While reading a standardized black/white data matrix code is a trivial step for existing libraries, the special images cut out by the localization architecture only contain an image with contours from light conditions, camera position and spatial components of the perforated and planar surfaces of the manufactured part, which is completely white. Although with the Dynamsoft Barcode Reader and its DPM module there is a reader for DPMs, the reader achieves quite low scores because it is not specialized in reading codes on SLS parts. This can be traced back due to the reader’s DPM module, which is designed for reading DPMs on metal parts which have been attached by laser technique. These DPMs result in high-contrast images because the laser burns black surfaces into the metal. Karrach et al. [7] compared the Dynamsoft Barcode Reader and several other readers for reading DPMs on metal parts, in which the DBR achieved better results.

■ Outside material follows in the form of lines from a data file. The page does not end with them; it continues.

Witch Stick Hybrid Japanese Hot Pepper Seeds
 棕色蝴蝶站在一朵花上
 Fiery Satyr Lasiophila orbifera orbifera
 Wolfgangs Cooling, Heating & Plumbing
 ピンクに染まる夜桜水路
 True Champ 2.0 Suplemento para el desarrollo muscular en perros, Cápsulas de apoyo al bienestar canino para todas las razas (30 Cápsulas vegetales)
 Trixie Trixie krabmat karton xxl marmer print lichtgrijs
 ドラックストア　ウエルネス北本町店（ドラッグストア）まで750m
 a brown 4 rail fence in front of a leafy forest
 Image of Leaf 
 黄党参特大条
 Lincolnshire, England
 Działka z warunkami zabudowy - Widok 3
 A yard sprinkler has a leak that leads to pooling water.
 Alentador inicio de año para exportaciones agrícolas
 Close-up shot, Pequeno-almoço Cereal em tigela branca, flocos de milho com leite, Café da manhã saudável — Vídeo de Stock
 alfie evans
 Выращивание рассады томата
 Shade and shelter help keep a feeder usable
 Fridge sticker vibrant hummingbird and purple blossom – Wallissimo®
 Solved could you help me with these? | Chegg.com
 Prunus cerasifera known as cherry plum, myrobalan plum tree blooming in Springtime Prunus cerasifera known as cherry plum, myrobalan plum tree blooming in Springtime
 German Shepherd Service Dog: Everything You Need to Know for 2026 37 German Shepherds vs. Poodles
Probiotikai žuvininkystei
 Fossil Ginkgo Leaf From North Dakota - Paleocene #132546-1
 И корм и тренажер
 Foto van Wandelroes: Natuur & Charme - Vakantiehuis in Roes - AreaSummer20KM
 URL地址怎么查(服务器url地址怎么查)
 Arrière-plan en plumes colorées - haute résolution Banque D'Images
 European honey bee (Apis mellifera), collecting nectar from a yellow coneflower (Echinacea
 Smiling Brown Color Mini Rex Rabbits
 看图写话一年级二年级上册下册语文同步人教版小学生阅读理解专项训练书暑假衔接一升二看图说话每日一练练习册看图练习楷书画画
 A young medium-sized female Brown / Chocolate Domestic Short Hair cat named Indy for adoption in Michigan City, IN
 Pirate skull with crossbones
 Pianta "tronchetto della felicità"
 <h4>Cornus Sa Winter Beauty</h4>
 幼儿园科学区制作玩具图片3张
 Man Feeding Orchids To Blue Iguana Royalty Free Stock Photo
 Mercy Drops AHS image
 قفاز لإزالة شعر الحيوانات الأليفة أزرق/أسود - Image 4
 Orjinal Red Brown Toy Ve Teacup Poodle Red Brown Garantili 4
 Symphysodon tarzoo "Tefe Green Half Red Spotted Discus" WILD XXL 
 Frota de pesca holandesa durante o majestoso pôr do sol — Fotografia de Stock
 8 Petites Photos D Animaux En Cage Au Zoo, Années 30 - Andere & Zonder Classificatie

Thereby, a comparison is not really meaningful but underlines the need of generic architectures, especially a shift for readers to low-contrast domains to enable the use of DPM in SLS manufacturing.

With reading scores of $87.07$%, there is still a gap to close but, considering that scanners can pass more photos, it is possible to achieve a good read after a reading failure. It should be pointed out here that data matrix code itself contains a redundancy supporting the reading process if the network miscalculated data matrix code entries.

The approach’s architecture allows a flexible way to perform annotation on new images. As annotations for localization are represented by masks and bounding boxes, it is only necessary to annotate the location of the data matrix code. Due to the rendering step and GAN model, it is possible to create synthetic data which limit the annotation process, because less data are necessary. The encoder module makes it possible to compare computed results against a binary matrix. This avoids an annotation process where each cell needs to be annotated. The memory consumption for reading one data matrix code image takes about $2GB$ and, therefore, is small enough to run on lightweight devices.

6. Conclusions

In this paper, an approach for reading data matrix codes on SLS-manufactured parts is presented, which is an important key component for part tracking in assembly lines in AM. These data matrix codes are special due to their spatial expression with hollows and planar surfaces on single-color materials. The approach for the localization and extraction of data matrix code areas on manufactured parts is based on a deep learning architecture. The localization network is able to extract the desired code regions in order to pass them to a new encoder model with an mAP of $97.38$%. The training process can be enhanced by creating synthetic data with image rendering and GAN refinement. The encoder model is able to transform nonreadable low-contrast spatial DPM into standardized black/white data matrix code. The transformed codes can be read with an average of $85.99$%, which is a good score to support part tracking for AM assembly lines. All in all, it can be assumed that the presented approach is a good starting point to ensure part traceability with DPM in the context of SLS additive manufacturing as being flexible and lightweight.